К этому возгласу примешалась таинственная сила крови. Это был как бы возвращающийся отзвук, как бы повторенные отражения звука, донесшиеся из глубоких мест. Ване показалось, что она слышит себя самое в этом восклицании, себя самое в далекую минуту своей жизни. Это восклицание вырвалось из святилища рода, полонившего для всех поколений его самые неуловимые знаки отличия, неуловимые и в то же время более определенные, чем какие-нибудь отметины на теле, и выступающие наружу в какой-нибудь позе, в выражении, жесте, взгляде.

— Сестреночка, сестреночка, зачем ты так похожа на меня? — сказала Вана, охваченная волнением, которого не могла скрыть.

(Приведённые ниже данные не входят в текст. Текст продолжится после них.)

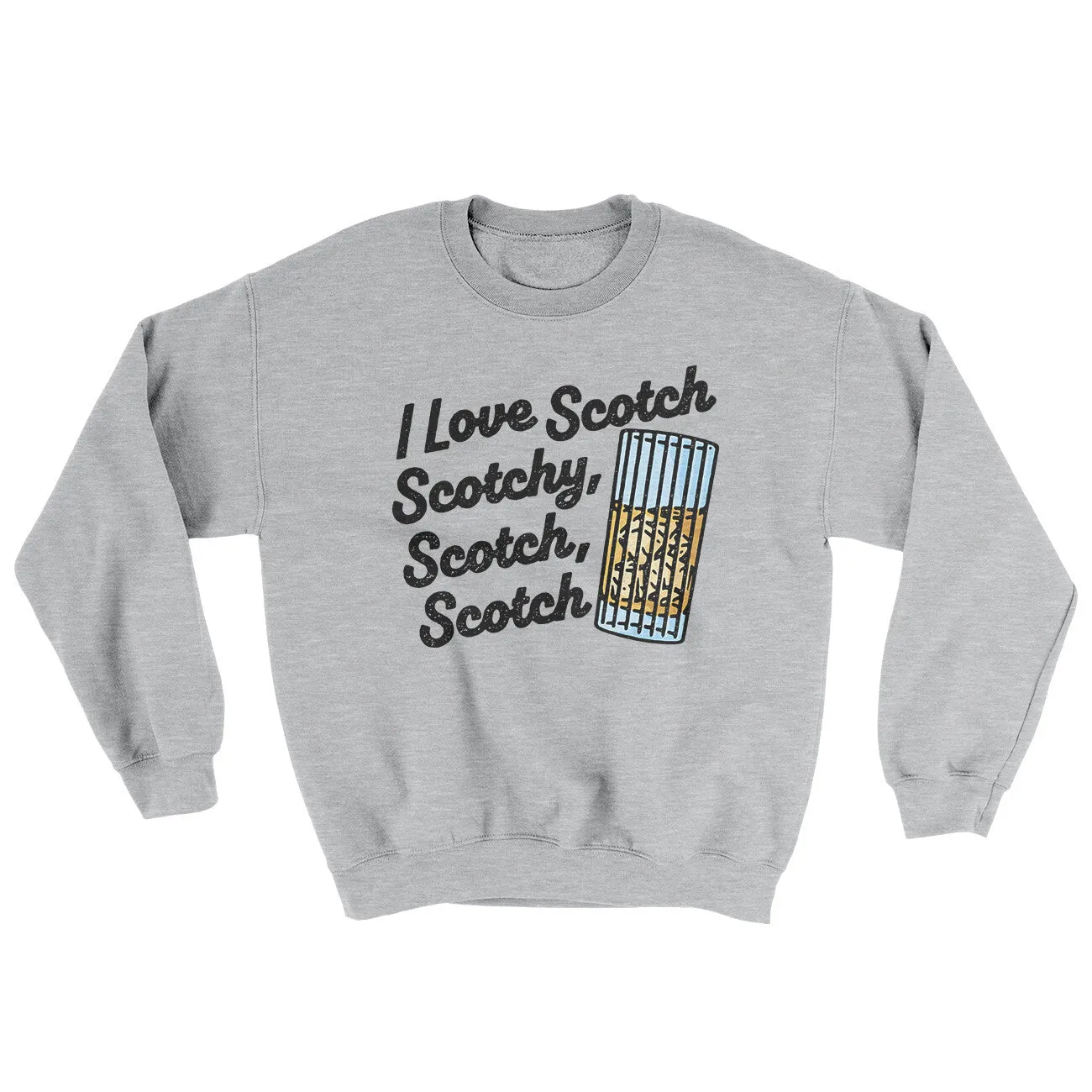 I Love Scotch - Scotchy Scotch Scotch Ugly Sweater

И с отчаянной силой прижала к груди своей трепетное создание; и долго не могла отпустить. Но девочка и сама не стала высвобождаться и осталась в горячих нежных объятиях; легкими движениями тела устроилась поудобнее, чувствуя в этих объятиях материнскую ласку, материнскую теплоту, которую почувствовала в своей девичьей груди и старшая сестра; у последней выплыл вместе с тем и образ той, которая ласкала их обеих в далекие, счастливые дни.

«Когда ж ты вернешься с дороги домой, о сын мой радостный, скажи мне, скажи, — когда ж ты вернешься с дороги домой? Ведь ты один мой единственный сын». — «Когда на севере встанет заря, о милая мать». Припев этот, не в словах, но в звуках мелодии, все время шевелился в сердце Ваны, а может быть, также и в другом маленьком сердечке. В окнах все больше темнела синева неба; в складках занавесок, в углах, в щелях, под дверями тени становились все гуще; городской шум долетал лишь в крайне заглушенных звуках. «Когда камни станут по морю плыть, о милая мать!»

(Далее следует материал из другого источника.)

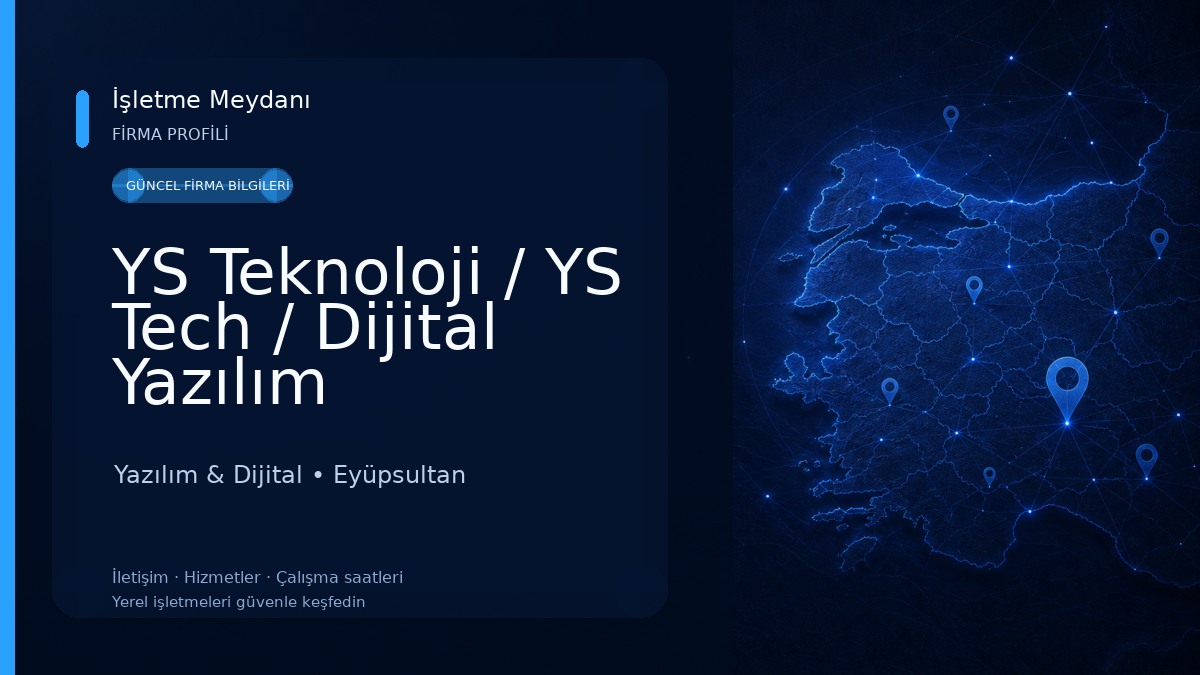 YS Teknoloji / YS Tech / Dijital Yazılım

Вана заметила, что Лунелла задремала; и душа у нее замерла. Она сидела не двигаясь, не шевелясь. Когда мисс Имоджен появилась в дверях, она глазами дала знак, чтобы та не подходила. Та вышла из комнаты. Девочка спала на коленях у сестры, прижавшись щекой к ее плечу. Вана слышала запах и теплоту, отделившиеся от ее волос, ее спокойное дыхание, всю хрупкую нежность ее костей. Прислушивалась к тишине: все колыхалось в ней, как на глубине моря. «Когда перья на землю как свинец упадут, о милая мать!»

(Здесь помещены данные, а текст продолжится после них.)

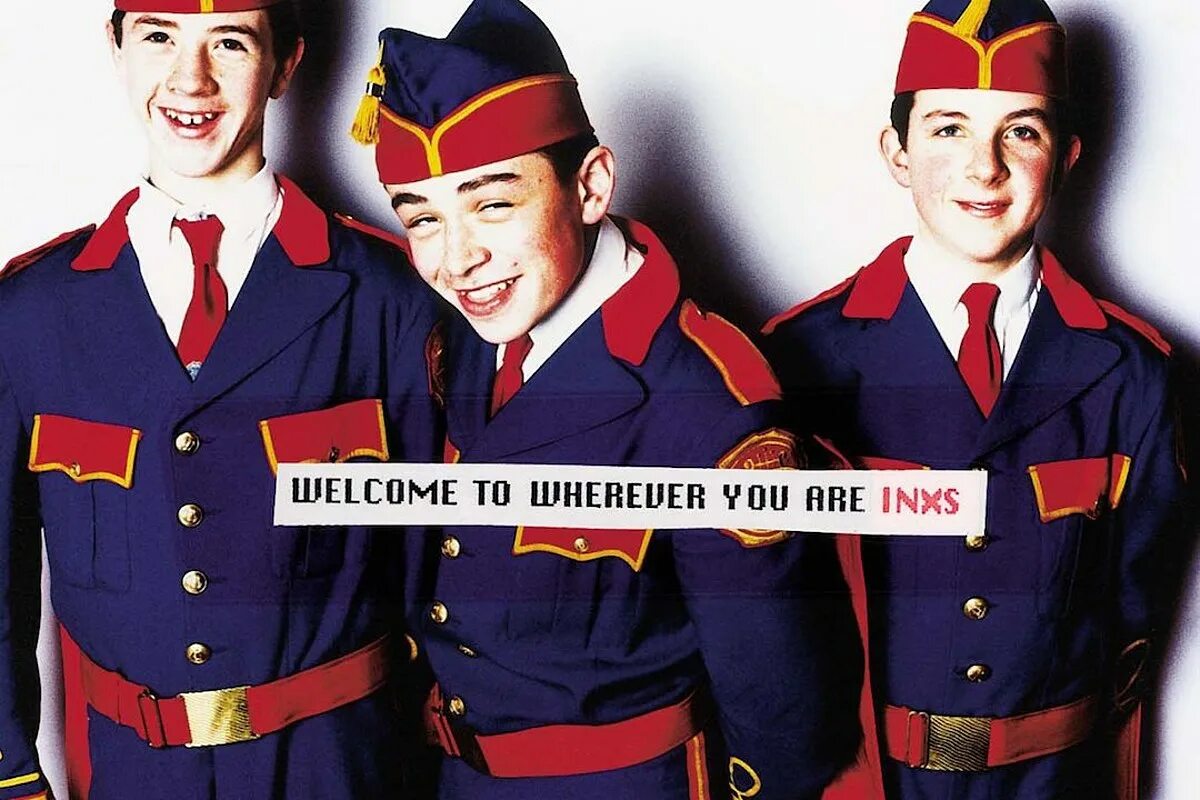 Welcome to wherever. Inxs welcome to wherever you are 1992. wherever you are 1988.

Наступил вечер. Синева, глядевшая в окна, перешла в лиловый цвет. Может быть, над высоким кипарисом в саду уже дрожала звездочка. Первые удары вечернего звона шевельнули в ней волну, которая залила ей сердце. «Когда Бог придет судить мертвых и живых…» Это была та самая волна, что подступала ей к ресницам и просилась наружу. Она сдержала ее, проглотила из боязни, чтобы не потекли горячие капли, чтобы не упали на лицо Лунелле и не разбудили ее. «Ах, заснуть бы теперь, заснуть и ничего больше не знать, ничего не помнить, вступить в вечный, непробудный покой!» Она вспомнила про ту пору, когда для того, чтобы почувствовать себя счастливой и воздать благодарность небу за свое рождение, ей достаточно было положить голову на одну жестокую грудь, и заплакать, и заснуть, чтобы больше не просыпаться. Теперь то же самое делала ее сестренка, а ей казалось, будто это она сама обращается к своей матери, а та отвечает ей иносказательно на ее безнадежные речи.